» **WORK INSTRUCTION**
The copy should hold exactly the lines below from the one that contains "Hi guys, welcome" through the one that contains "Video number three" and nothing else, so no pictures.

» **INPUT DATA**

++++++++++++++++++++

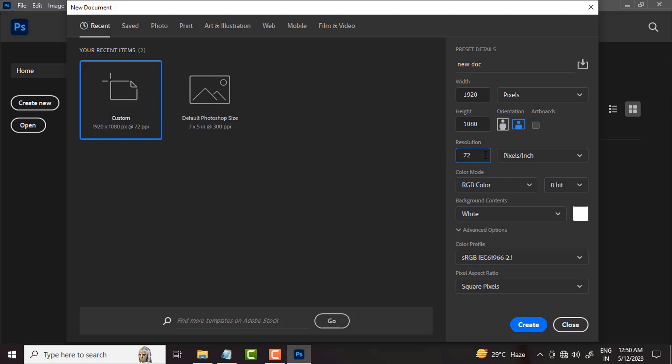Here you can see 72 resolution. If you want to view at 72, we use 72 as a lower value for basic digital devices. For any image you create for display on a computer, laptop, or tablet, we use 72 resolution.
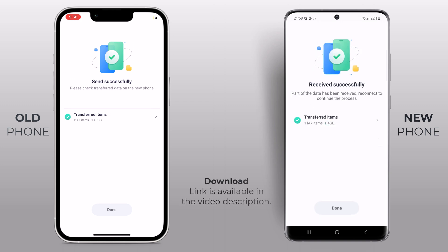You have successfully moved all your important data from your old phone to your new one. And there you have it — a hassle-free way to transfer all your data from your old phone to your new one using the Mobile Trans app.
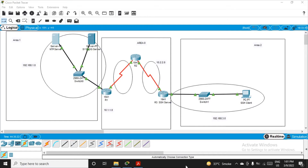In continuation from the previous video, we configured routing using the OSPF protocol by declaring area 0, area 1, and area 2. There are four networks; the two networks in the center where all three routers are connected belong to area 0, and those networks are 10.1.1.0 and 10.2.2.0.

++++++++++++++++++++

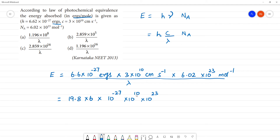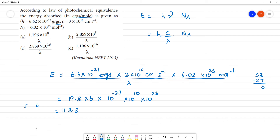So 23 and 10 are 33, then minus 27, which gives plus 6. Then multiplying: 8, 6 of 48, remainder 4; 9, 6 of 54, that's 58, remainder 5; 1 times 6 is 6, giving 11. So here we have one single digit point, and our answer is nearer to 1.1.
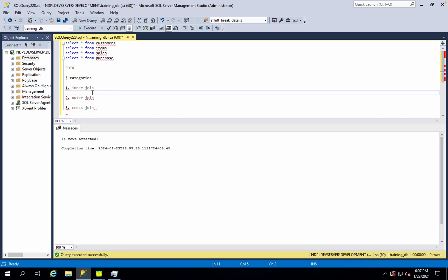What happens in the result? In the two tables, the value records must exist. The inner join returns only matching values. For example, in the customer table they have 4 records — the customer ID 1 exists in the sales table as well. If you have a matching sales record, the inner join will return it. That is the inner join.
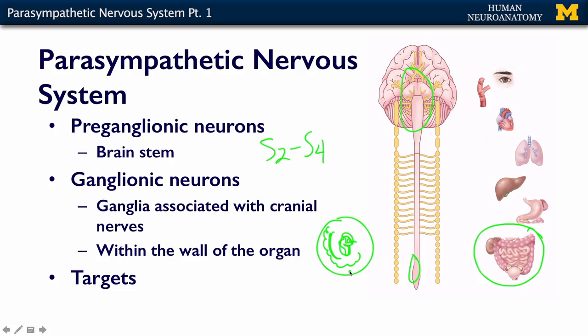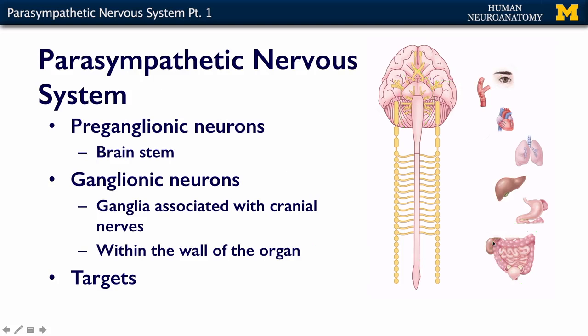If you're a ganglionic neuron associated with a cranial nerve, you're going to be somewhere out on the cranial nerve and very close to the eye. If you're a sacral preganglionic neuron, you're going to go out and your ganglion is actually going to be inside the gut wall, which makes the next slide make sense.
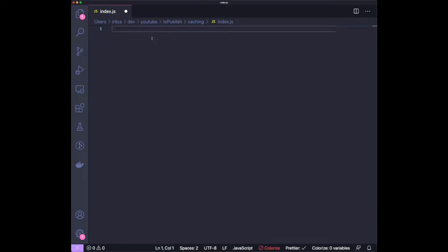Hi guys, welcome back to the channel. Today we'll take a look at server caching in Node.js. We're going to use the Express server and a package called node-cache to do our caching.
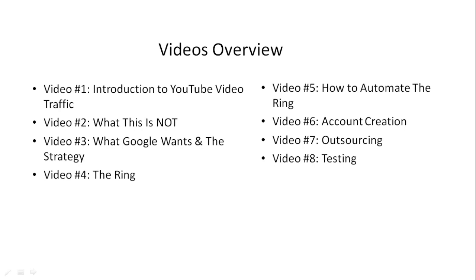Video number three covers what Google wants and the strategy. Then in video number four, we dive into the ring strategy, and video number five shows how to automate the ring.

++++++++++++++++++++

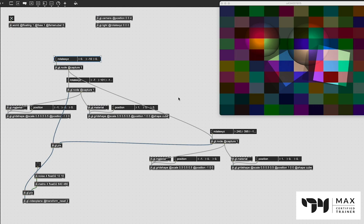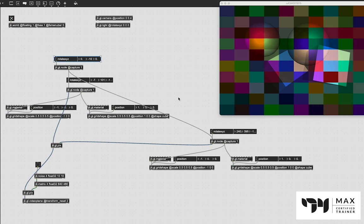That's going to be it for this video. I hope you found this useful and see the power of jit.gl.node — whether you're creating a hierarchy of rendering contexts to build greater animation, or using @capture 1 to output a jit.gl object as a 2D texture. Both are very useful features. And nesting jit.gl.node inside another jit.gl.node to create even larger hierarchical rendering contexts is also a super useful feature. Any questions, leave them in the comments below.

++++++++++++++++++++

» **TASK RESPONSE**
Hi guys, welcome back to the channel. Today we'll take a look at server caching in Node.js. We're going to use the Express server and a package called node-cache to do our caching.
Video number three covers what Google wants and the strategy. Then in video number four, we dive into the ring strategy, and video number five shows how to automate the ring.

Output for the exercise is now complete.